Quest considered the question. He'd had enough practice revising the definition of 'normal' in his life. "Yeah. Yeah, I'm dancing with it, trying to move with the motions of this thing, looking for new patterns, learning new steps. Feeling the beat of the music I'd never heard before. But I'm trying, sir. And Sarge is sitting it out."

"You need me, Private?" Lieutenant Robinson asked.

"Sir?"

"Do you need me to lead this mission? Or are you greenies comfortable going forth on your own?"

Quest couldn't imagine how the mission into the Cathedral of the Key had gone if they hadn't been following Badia Robinson. Now they were headed to Tokyo to find someplace called the Lost City.

"I think I speak for all of us when I say we don't want to go in without you."

Fox nodded. Callie, too.

"Private Ramírez is right," Ji agreed. "We need you."

"And I need him," Lieutenant Robinson said, pointing back the way Drill had disappeared. "Drill Sergeant Cabello goes where I go. I don't go unless he goes. I'm the battleship, and he's the anchor. I won't set sail without my anchor. Are we clear?"

The way she looked at Quest and the Misfits left no room for debate or doubt. Like a wife devoted to her husband, Badia Robinson wouldn't set foot in the Lost City without Drill. He would either be her saving grace or her Achilles heel. An anchor. Quest hoped he wouldn't drag them all down.

It wasn't an order. The answer wasn't "Yes, sir!" It had been a question. They nodded. She nodded. Understood.

Lieutenant Robinson went toward the front to check on Drill.

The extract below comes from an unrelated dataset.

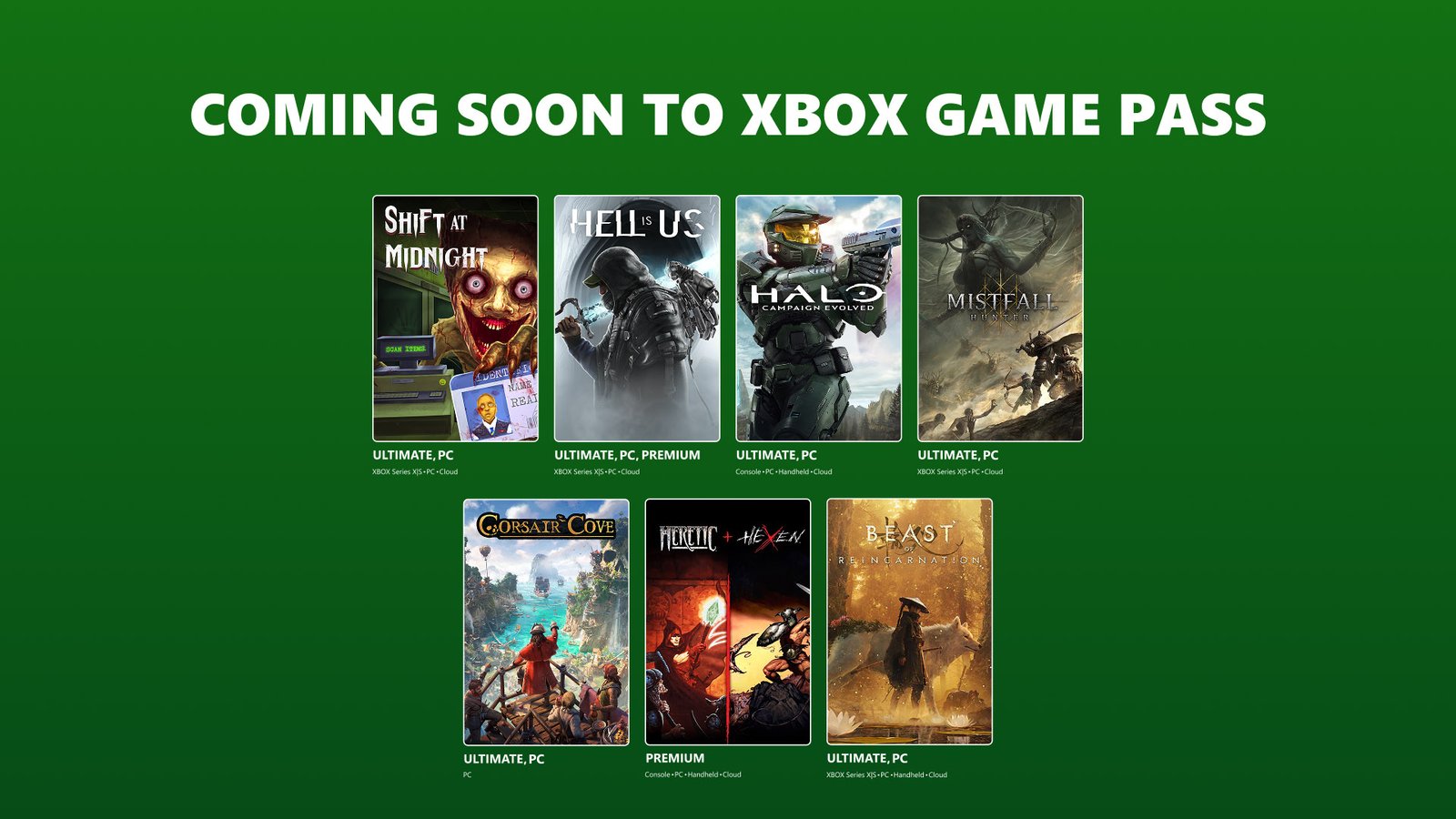 Coming to XBOX Game Pass: Halo: Campaign Evolved, Beast of Reincarnation, and More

"Think something is going on between those two?" Ji asked. "Seem tighter than an old married couple."

"A bond forged in war can be as intimate as any forged in love," Callie said.

"I never took you for a poet," Fox said.

"The boys back home said I was too pretty to be a poet. But I proved them wrong. I even know words that rhyme with 'cream puff and 'mama's boy.'"

"Noted," Fox replied, holding up his hands in surrender.

"They've been through something together. Something terrible and beautiful. And it made the lieutenant trust him with everything," Quest said. "Even our lives."